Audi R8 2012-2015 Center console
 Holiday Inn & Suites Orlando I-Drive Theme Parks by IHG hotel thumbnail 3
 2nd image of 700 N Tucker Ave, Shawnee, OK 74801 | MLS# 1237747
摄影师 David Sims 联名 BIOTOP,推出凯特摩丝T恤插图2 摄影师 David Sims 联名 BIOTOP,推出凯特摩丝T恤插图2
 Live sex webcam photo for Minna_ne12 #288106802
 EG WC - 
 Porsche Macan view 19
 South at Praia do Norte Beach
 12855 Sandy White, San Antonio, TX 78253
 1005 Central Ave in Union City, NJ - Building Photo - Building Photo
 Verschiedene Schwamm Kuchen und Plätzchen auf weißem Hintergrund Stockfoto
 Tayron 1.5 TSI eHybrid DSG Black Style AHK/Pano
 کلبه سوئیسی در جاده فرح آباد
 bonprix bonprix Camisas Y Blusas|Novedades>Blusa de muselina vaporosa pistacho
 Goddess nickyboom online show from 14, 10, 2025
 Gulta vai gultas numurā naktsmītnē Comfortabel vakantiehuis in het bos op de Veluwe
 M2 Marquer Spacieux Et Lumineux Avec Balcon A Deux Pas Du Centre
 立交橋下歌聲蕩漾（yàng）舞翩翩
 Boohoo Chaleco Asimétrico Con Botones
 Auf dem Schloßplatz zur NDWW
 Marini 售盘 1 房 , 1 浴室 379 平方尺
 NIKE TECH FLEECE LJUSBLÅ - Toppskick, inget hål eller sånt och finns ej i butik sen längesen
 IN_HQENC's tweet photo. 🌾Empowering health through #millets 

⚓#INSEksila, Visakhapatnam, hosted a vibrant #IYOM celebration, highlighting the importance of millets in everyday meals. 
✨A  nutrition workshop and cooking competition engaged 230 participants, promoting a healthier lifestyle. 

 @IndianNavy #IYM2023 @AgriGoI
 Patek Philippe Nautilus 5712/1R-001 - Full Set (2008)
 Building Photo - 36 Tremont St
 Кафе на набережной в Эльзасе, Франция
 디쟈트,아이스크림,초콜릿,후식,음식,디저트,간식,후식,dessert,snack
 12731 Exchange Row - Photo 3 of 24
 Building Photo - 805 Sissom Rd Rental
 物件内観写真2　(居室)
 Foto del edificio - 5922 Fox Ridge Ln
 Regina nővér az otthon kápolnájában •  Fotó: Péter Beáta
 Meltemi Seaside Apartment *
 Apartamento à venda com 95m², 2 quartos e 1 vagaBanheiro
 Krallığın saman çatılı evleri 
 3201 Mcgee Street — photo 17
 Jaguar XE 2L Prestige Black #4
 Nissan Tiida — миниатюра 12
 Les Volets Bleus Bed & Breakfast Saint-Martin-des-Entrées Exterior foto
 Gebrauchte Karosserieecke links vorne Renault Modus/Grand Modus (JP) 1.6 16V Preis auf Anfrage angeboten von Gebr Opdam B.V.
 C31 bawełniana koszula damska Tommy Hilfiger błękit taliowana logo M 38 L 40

▸ **TASK BRIEF**: Produce a verbatim copy of the lines from the one holding "Nissan Tiida — миниатюра 12" to the final line of the data, and nothing more.

▸ **EXERCISE SOLUTION**:
 Nissan Tiida — миниатюра 12
 Les Volets Bleus Bed & Breakfast Saint-Martin-des-Entrées Exterior foto
 Gebrauchte Karosserieecke links vorne Renault Modus/Grand Modus (JP) 1.6 16V Preis auf Anfrage angeboten von Gebr Opdam B.V.
 C31 bawełniana koszula damska Tommy Hilfiger błękit taliowana logo M 38 L 40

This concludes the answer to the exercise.